* [DIRECTIONS FOR THIS TASK] For the copy, please give all of the data again exactly and leave the pictures out.

* [DATA]
==============================

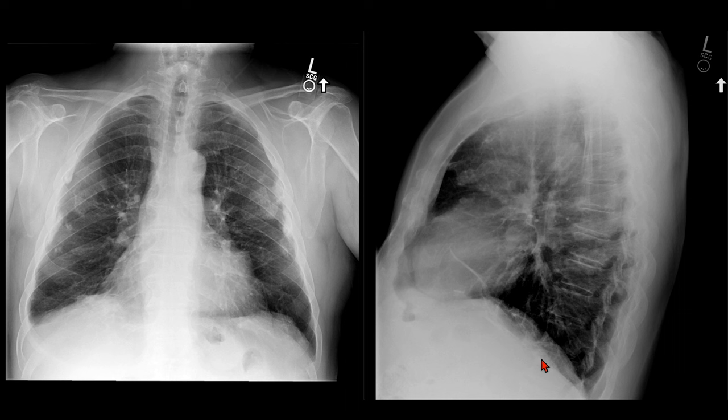This is a case of calcified pleural plaques from asbestos exposure. This patient worked for many years as an insulator and was exposed to asbestos at work.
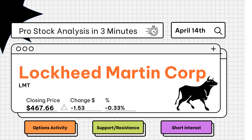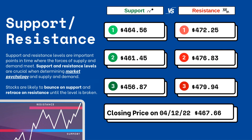Pro stock analysis under three minutes — we're going to be covering support and resistance levels, options activity, and short interest on your favorite stocks. Let's get right to it. Support and resistance levels are very important because they let you know where supply and demand are meeting.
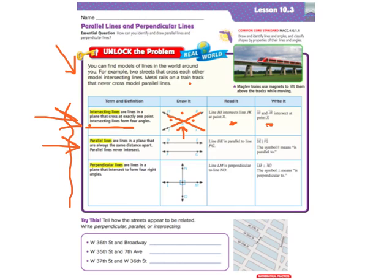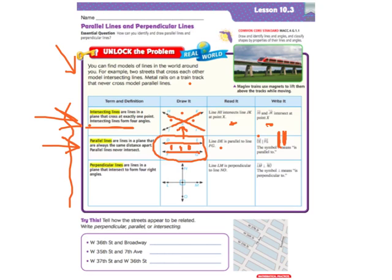Parallel lines are lines in a plane that are always the same distance apart, so they never get closer together — they always stay the same distance apart. Parallel lines will never intersect. You would read this picture: line DE is parallel to line FG. You would write it: line DE, then this symbol — which means parallel — then FG. The symbol with these two lines means 'is parallel to.'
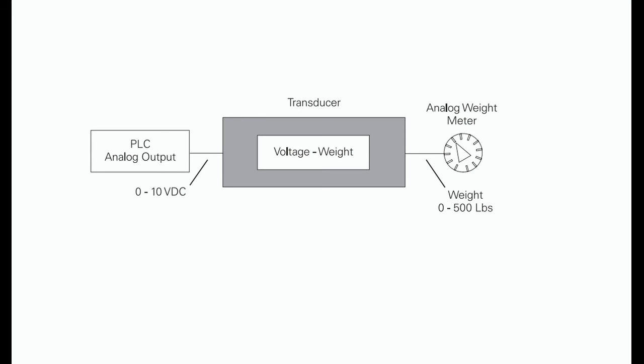Chart recorders, electric motor drives, analog meters, and pressure transducers. Like analog inputs, analog outputs are generally connected to a controlling device through a transducer. The transducer takes the voltage signal and, depending on the requirement, amplifies, reduces, or changes it into another signal which controls the device. In the following example, a 0 to 10 V DC signal controls a 0 to 500 pounds scale analog meter.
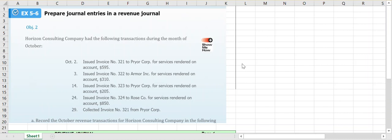In this example video, we're going to look at exercise 5-6 where we're going to put together the journal entries and put them into the revenue journal. Remember, what goes into our revenue journal is any time we've provided a service to our customer on account. The Horizon Consulting Company had the following transactions during October. Notice that every one of these transactions start with 'issued invoice.' Any time you see that phrase, we know it's a service done on account, which means it has to go into our revenue journal.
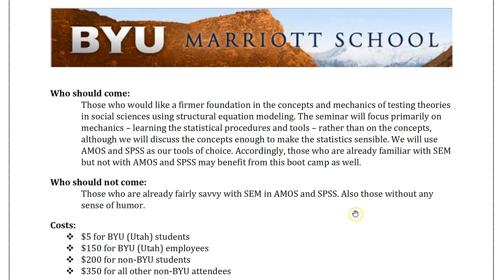Who should come? Anyone who wants to understand causal modeling better, SEM better, who would like to learn that through AMOS and SPSS — that's what we'll be using. We won't be using other tools like Mplus or R or Stata. We'll be mostly using AMOS and SPSS, we'll also use Excel, and on the last day SmartPLS.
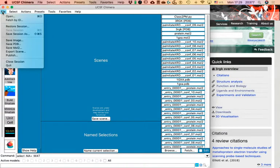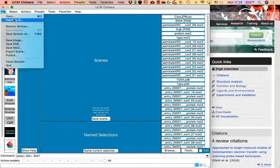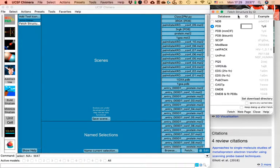As opposed to Microsoft Word-type applications, here each menu is devoted exactly to what it says. In the File menu, everything in there is for reading, writing, exporting, or saving files — that's it. The most common one for us is 'Fetch by ID' when we want to get a structure from the PDB. So click on 'Fetch by ID,' type 3RGK, and press 'Fetch' — you'll get the structure.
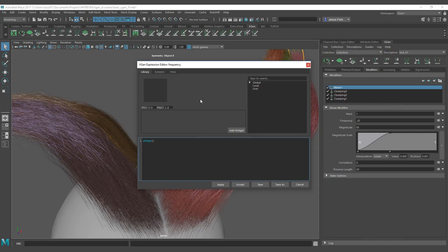The first number that you are going to put is the amount of hair that are under the stray, so the amount of hair that are strays. I'm going to use a frequency of 0.20. Now two points, and after that you have to put the amount of frequency that is not going to be affected by the stray, so the hairs that are not stray.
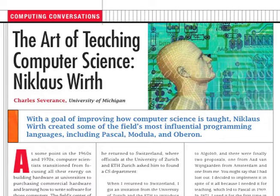I recently spoke with Nicholas Wirth about programming languages. You can view the full interview at www.computer.org/computingconversations. Wirth earned a PhD in electrical engineering and computer science from the University of California Berkeley in 1962 and worked at Stanford University as an assistant professor from 1963 through 1967. In 1968, he returned to Switzerland, where officials at the University of Zurich and ETH Zurich asked him to found a computer science department.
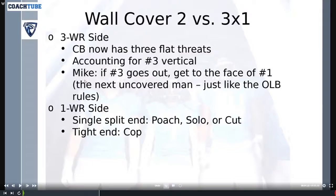Mike has the same seam or wall rules as the outside linebackers. So if his man — number three — goes out, he should think: get to the face of number one, the face of the next uncovered man, just like the outside linebacker rules that we use.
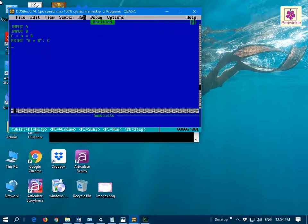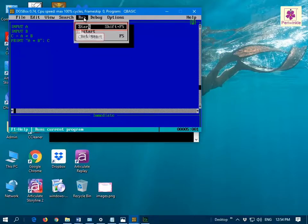Then, to run the program, from the Run menu, select the Start option.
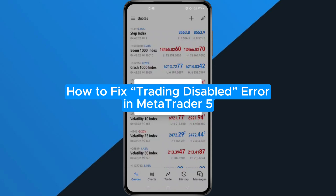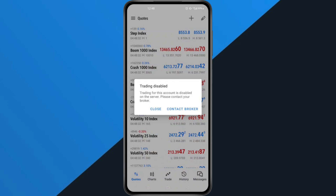How to Fix Trading Disabled Error in MetaTrader 5. Hey everyone, in this quick tutorial, I'm going to show you exactly how to fix the trading disabled error in MetaTrader 5, or MT5. If you're seeing this message when trying to place a trade, don't worry. It's usually caused by a few simple things, and I'll walk you through how to fix them step by step.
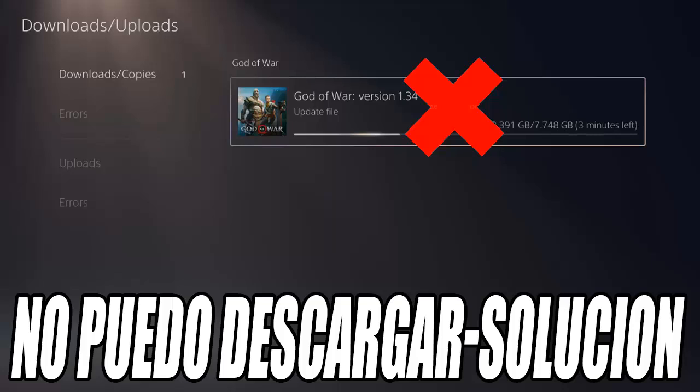If you still cannot download, try the option to 'Clear Cache and Rebuild the Database.' This option can help solve problems with corrupted data on the console. These are all the solutions you can try to solve the download problem on your PS5.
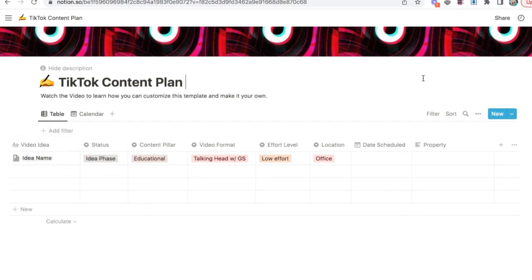And that's it for the TikTok content plan template. If you have any questions, feel free to drop them in the comments below. Thank you and happy TikToking.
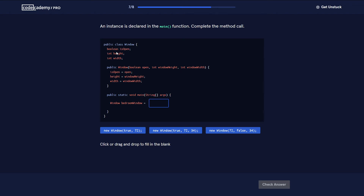We have a class called Window with a few instance variables and a constructor defined as taking a boolean, an int, and an int, which are assigned to the instance variables. To create an object of this class, the type is Window — a class is a custom data type — and the variable name is bedroomWindow. We need a constructor named Window taking a boolean and two ints.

==============================

* [PROBLEM SOLUTION]
This is a case of calcified pleural plaques from asbestos exposure. This patient worked for many years as an insulator and was exposed to asbestos at work.
Pro stock analysis under three minutes — we're going to be covering support and resistance levels, options activity, and short interest on your favorite stocks. Let's get right to it. Support and resistance levels are very important because they let you know where supply and demand are meeting.
Parallel lines are lines in a plane that are always the same distance apart, so they never get closer together — they always stay the same distance apart. Parallel lines will never intersect. You would read this picture: line DE is parallel to line FG. You would write it: line DE, then this symbol — which means parallel — then FG. The symbol with these two lines means 'is parallel to.'
Chart recorders, electric motor drives, analog meters, and pressure transducers. Like analog inputs, analog outputs are generally connected to a controlling device through a transducer. The transducer takes the voltage signal and, depending on the requirement, amplifies, reduces, or changes it into another signal which controls the device. In the following example, a 0 to 10 V DC signal controls a 0 to 500 pounds scale analog meter.
In this example video, we're going to look at exercise 5-6 where we're going to put together the journal entries and put them into the revenue journal. Remember, what goes into our revenue journal is any time we've provided a service to our customer on account. The Horizon Consulting Company had the following transactions during October. Notice that every one of these transactions start with 'issued invoice.' Any time you see that phrase, we know it's a service done on account, which means it has to go into our revenue journal.
Who should come? Anyone who wants to understand causal modeling better, SEM better, who would like to learn that through AMOS and SPSS — that's what we'll be using. We won't be using other tools like Mplus or R or Stata. We'll be mostly using AMOS and SPSS, we'll also use Excel, and on the last day SmartPLS.
As opposed to Microsoft Word-type applications, here each menu is devoted exactly to what it says. In the File menu, everything in there is for reading, writing, exporting, or saving files — that's it. The most common one for us is 'Fetch by ID' when we want to get a structure from the PDB. So click on 'Fetch by ID,' type 3RGK, and press 'Fetch' — you'll get the structure.
The first number that you are going to put is the amount of hair that are under the stray, so the amount of hair that are strays. I'm going to use a frequency of 0.20. Now two points, and after that you have to put the amount of frequency that is not going to be affected by the stray, so the hairs that are not stray.
I recently spoke with Nicholas Wirth about programming languages. You can view the full interview at www.computer.org/computingconversations. Wirth earned a PhD in electrical engineering and computer science from the University of California Berkeley in 1962 and worked at Stanford University as an assistant professor from 1963 through 1967. In 1968, he returned to Switzerland, where officials at the University of Zurich and ETH Zurich asked him to found a computer science department.
Mike has the same seam or wall rules as the outside linebackers. So if his man — number three — goes out, he should think: get to the face of number one, the face of the next uncovered man, just like the outside linebacker rules that we use.
Then, to run the program, from the Run menu, select the Start option.
How to Fix Trading Disabled Error in MetaTrader 5. Hey everyone, in this quick tutorial, I'm going to show you exactly how to fix the trading disabled error in MetaTrader 5, or MT5. If you're seeing this message when trying to place a trade, don't worry. It's usually caused by a few simple things, and I'll walk you through how to fix them step by step.
If you still cannot download, try the option to 'Clear Cache and Rebuild the Database.' This option can help solve problems with corrupted data on the console. These are all the solutions you can try to solve the download problem on your PS5.
And that's it for the TikTok content plan template. If you have any questions, feel free to drop them in the comments below. Thank you and happy TikToking.
We have a class called Window with a few instance variables and a constructor defined as taking a boolean, an int, and an int, which are assigned to the instance variables. To create an object of this class, the type is Window — a class is a custom data type — and the variable name is bedroomWindow. We need a constructor named Window taking a boolean and two ints.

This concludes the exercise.